We collect and categorize ideas. We dig into our passages. We assemble supporting verses and material. We put it all in outline form. And then, we deliver it!
One of the last steps in the preparation process is to add flavor to the message in order to communicate it well to a modern audience.
The Bible says of Solomon that “the Preacher sought to find delightful words…” (Ecclesiastes 12:10 NASB)
“Let your speech always be gracious, seasoned with salt…” Col. 4:6 (RSV) “Talk to them agreeably and with a flavor of wit, and try to fit your answers to the needs of each one.” Col. 4:6 (JB)
In other words, we should flavor the message for our audience – not to make it more or less acceptable, but to make it more memorable and engaging.
If words are to enter people’s hearts and bear fruit, they must be the right words, shaped to pass defenses and explode silently and effectually within their minds.
In other words, what you say matters, and how you say it matters, too!
Once I’ve done the work of preparing the content of the message, I ask these six questions.
- What is the most practical way to say it?
- What is the most positive way to say it?
- What is the most encouraging way to say it?
- What is the simplest way to say it?
- What is the most personal way to say it?
- What is the most interesting way to say it?
And once I’ve walked through those questions, I then evaluate the sermon to see what kind of flavoring I’ve really added. I use at least five different methods of flavoring a message.
Illustrations are the windows of the message – they let the light in. Preaching a sermon with no illustrations is like guiding someone around in the dark with all the lights shut off.
Illustrations should be used wisely, to amplify the meaning of the text. They should be somewhat brief – don’t get bogged down in all of the irrelevant details. And they should always have a point and connect back to the main thrust of the sermon.
Jesus often used a form of ancient Hebrew, exaggerative humor. When he talked about straining at gnats while swallowing camels, his audience would have laughed.
Humor breaks the ice with people and breaks down barriers, creating a bond with the audience that paves the way for the serious appeal of the message to come through.
Testimonies and Life Change Stories
Fromt the earliest days of Saddleback, we’ve used both live and recorded testimonies in our services. We usually have people write out what they’re going to say so that we can coach them in using correct terms.

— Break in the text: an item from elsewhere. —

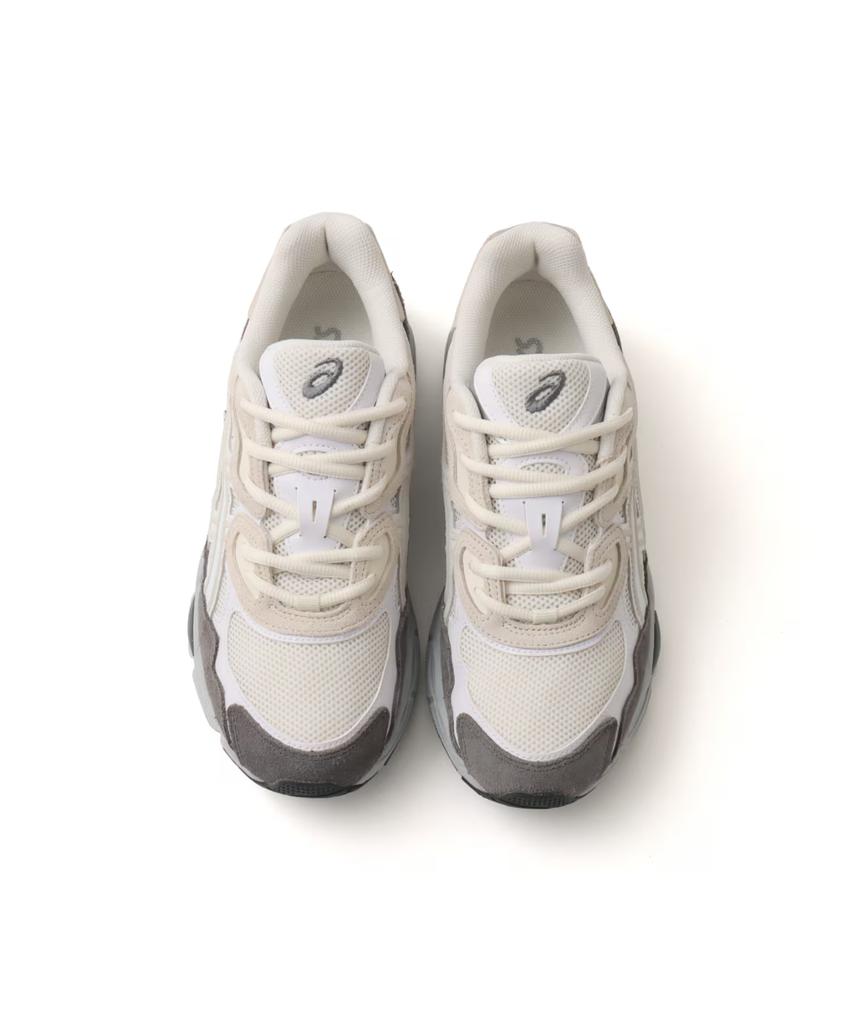 1203A383-113 Asics Gel-NYC Cream White (Men's)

People will often forget the main points of the sermon long before they forget the story someone told in the middle of those points.
Video and Film Clips
We don’t use them much, but sometimes we use clips from popular movies to illustrate something in a message. And there have also been times when we’ve made our own clips, too.
Tag Team Preaching
One of the hardest things for a pastor to do is to trust someone else to preach to the congregation. This is especially true when they’re preaching in tag team fashion.
I’ve found that our church needs to hear from voices other than mine. And I’ve also found that people pay closer attention when a new speaker steps out on stage.
I love and wholeheartedly agree with what my friend, Chuck Swindoll, says about flavoring the message:
If you think the gathering of biblical facts and standing up with a Bible in your hand will automatically equip you to communicate well, you are deeply mistaken. It will not. You must work at being interesting. Boredom is a gross violation, being dull is a grave offense, and irrelevance is a disgrace to the Gospel. Too often these three crimes go unpunished and we preachers are the criminals.
Remember to add flavoring to your message for this weekend!